Segment Start: AVAILABLE DATA

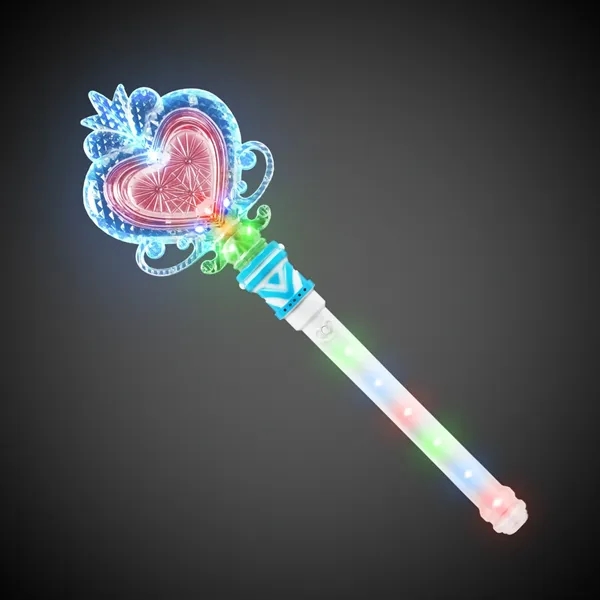 Heart-shaped wand with light-up handle, blue or pink trim and 3... from ASI 42016 Brighter Promotions Inc
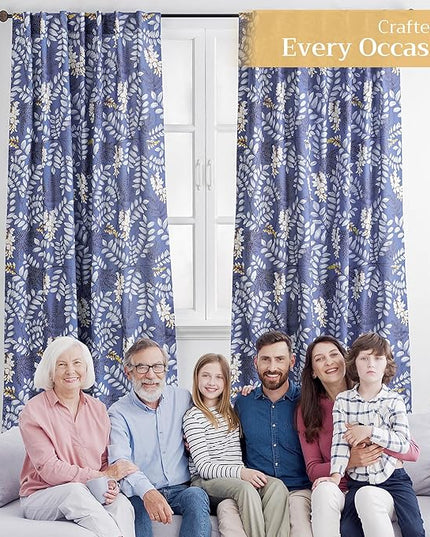Maison d' Hermine Curtains for living room 100% Cotton 108 inch length Two Panels Light Filtering Curtains for Bedroom Windows with rod and loop Pockets Drapes (Feuillage Air Force Blue, 50"W x 108"L)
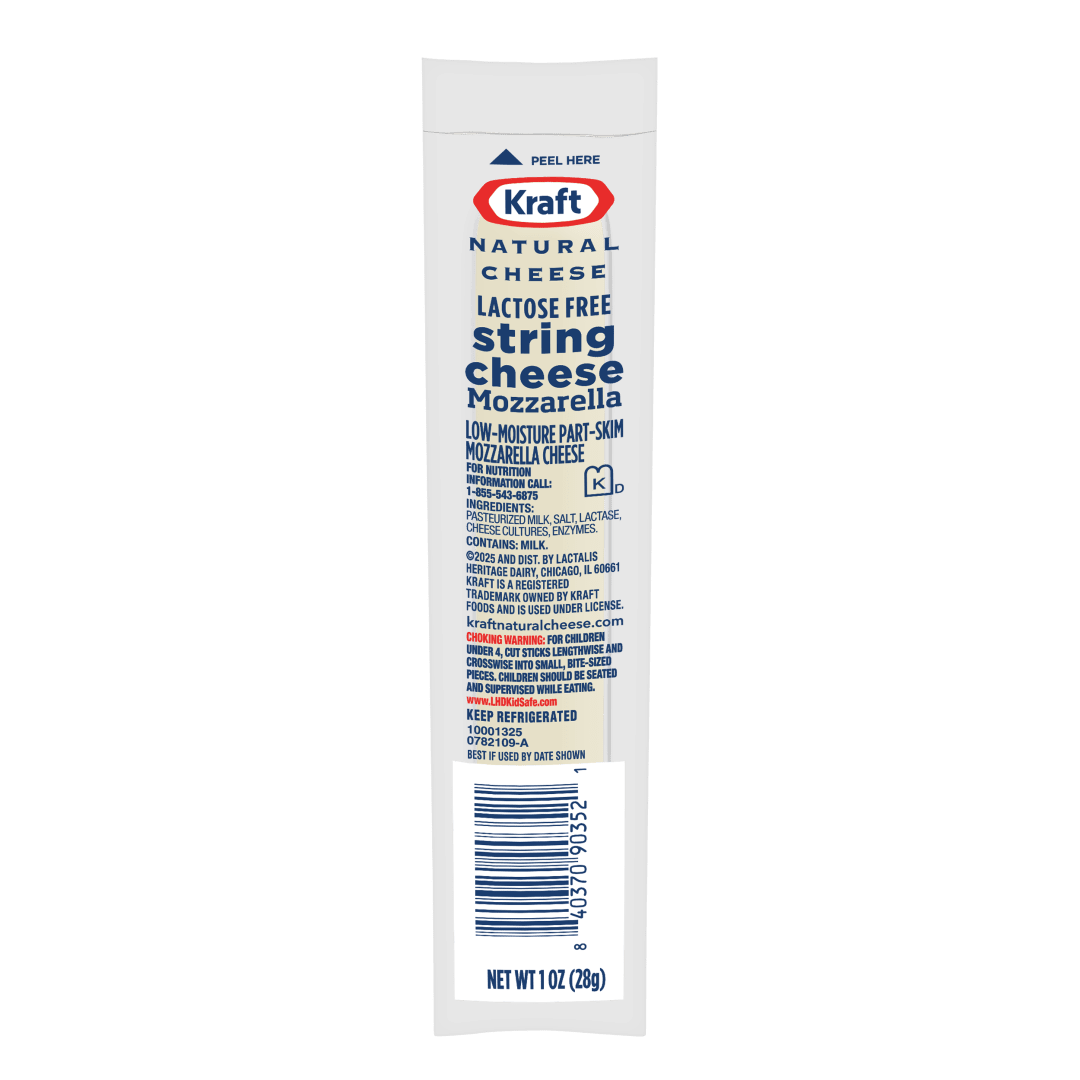 Kraft Natural Cheese Lactose Free Mozzarella String Cheese 24 oz box (24 - 1 oz sticks)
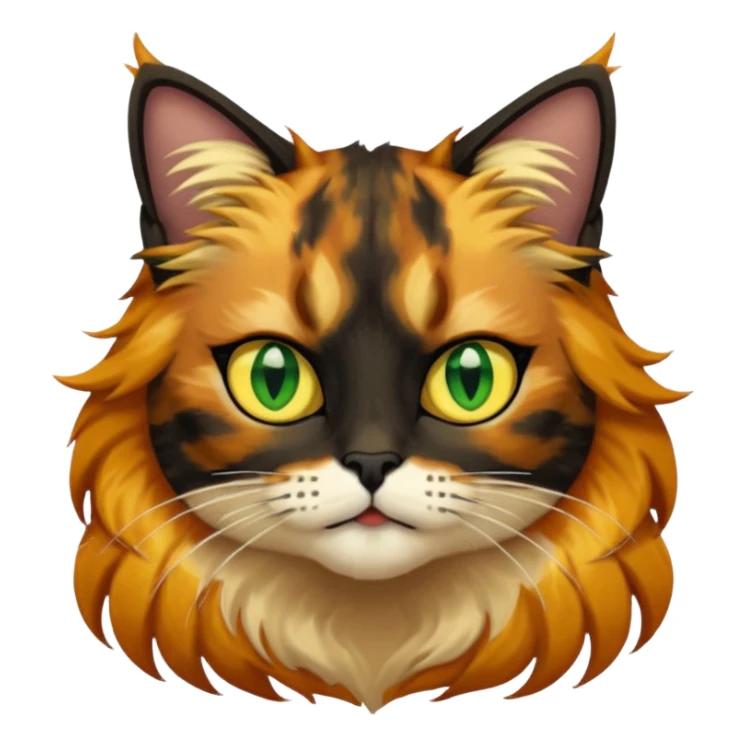 long hair tortoiseshell cat with a black face and yellow lightning mark above left eye sticker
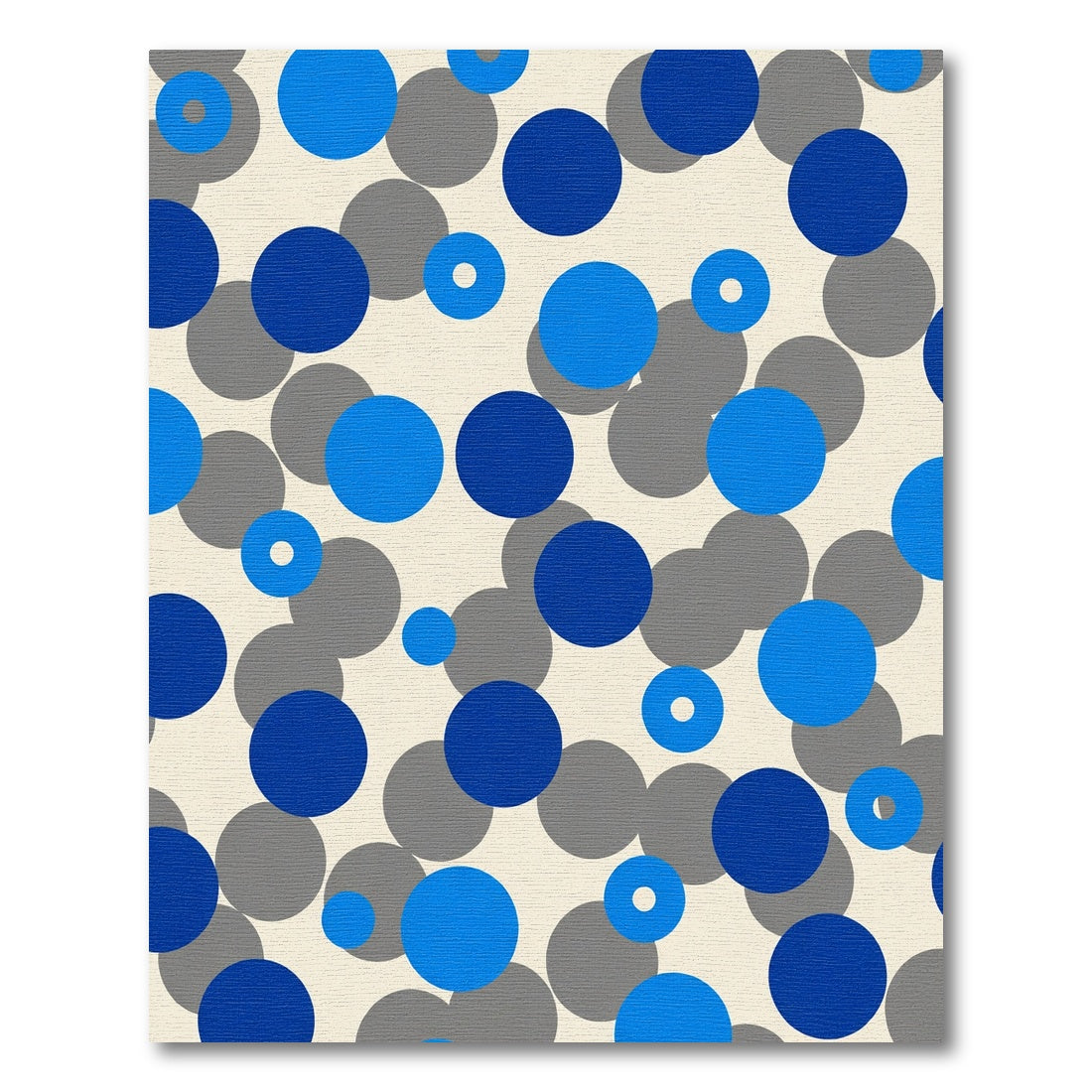 Modern Blue Gray Circle Cluster Rug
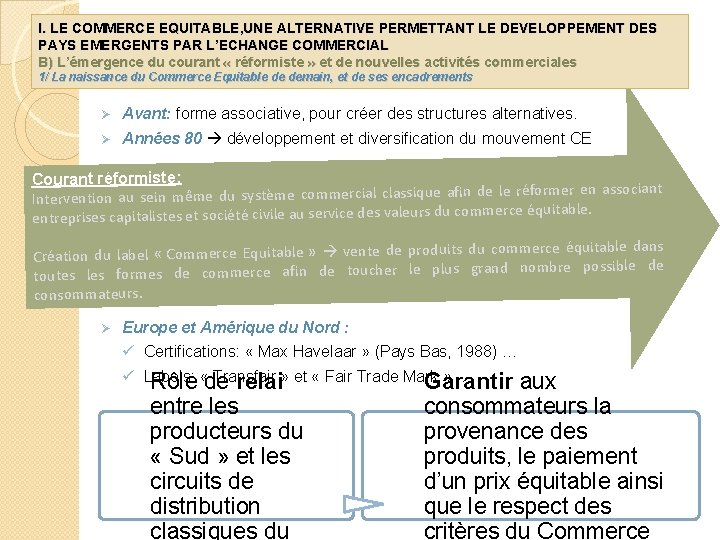 I. LE COMMERCE EQUITABLE, UNE ALTERNATIVE PERMETTANT LE DEVELOPPEMENT DES PAYS EMERGENTS PAR L’ECHANGE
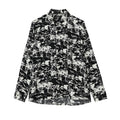 Korean style wild design loose fit black polyester square collar long sleeve shirt top for women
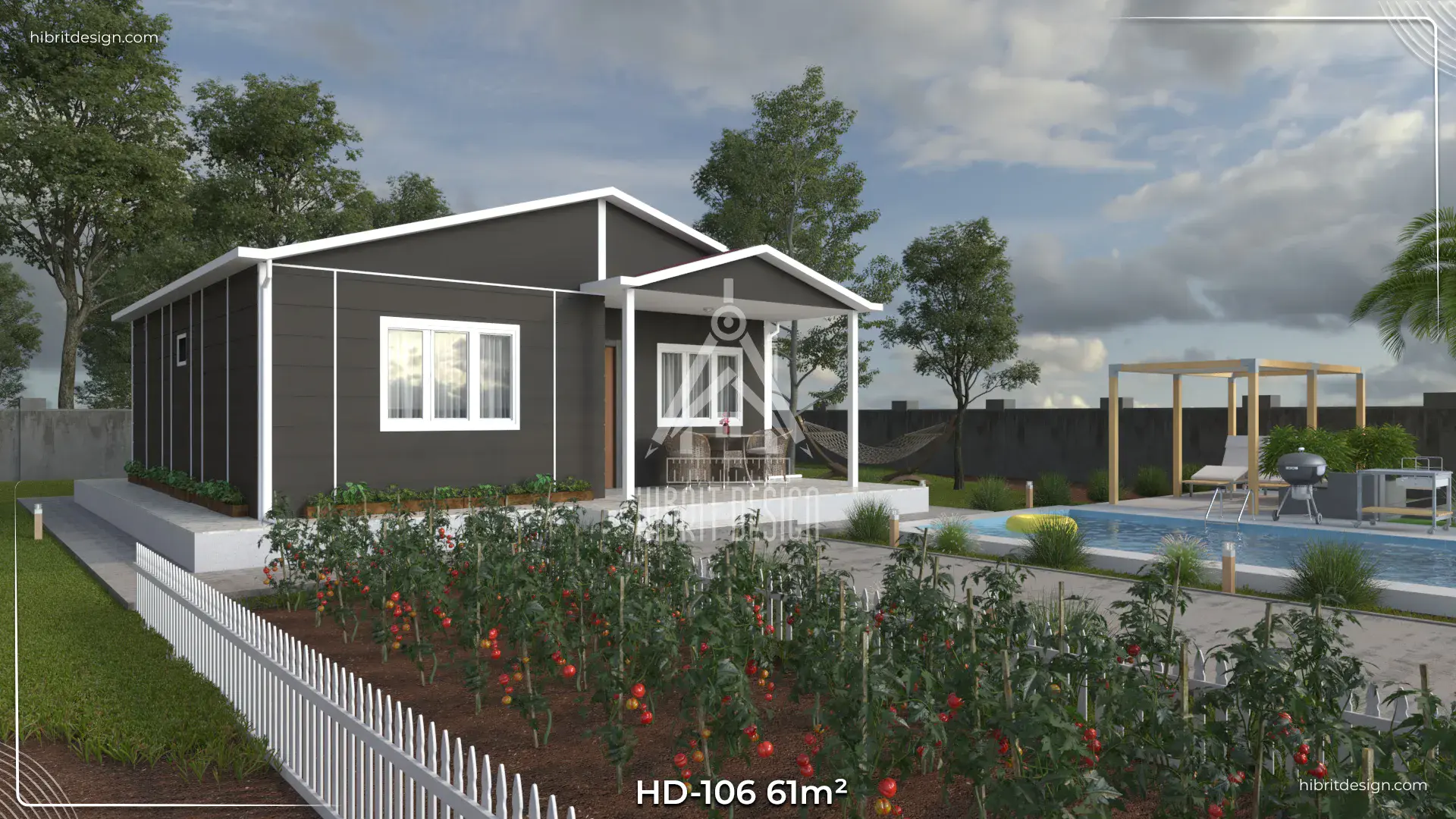 HD-106 61 m² 2+1 tek katlı prefabrik ev, yan cephe ve peyzajlı bahçe düzeni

Segment End: AVAILABLE DATA

**EXERCISE DIRECTIONS**:
Print, word for word, the lines above that run from the line containing "Kraft Natural Cheese" to the line containing "Modern Blue Gray Circle Cluster Rug", both included. Keep the pictures out.

**OUTPUT**:
 Kraft Natural Cheese Lactose Free Mozzarella String Cheese 24 oz box (24 - 1 oz sticks)
 long hair tortoiseshell cat with a black face and yellow lightning mark above left eye sticker
 Modern Blue Gray Circle Cluster Rug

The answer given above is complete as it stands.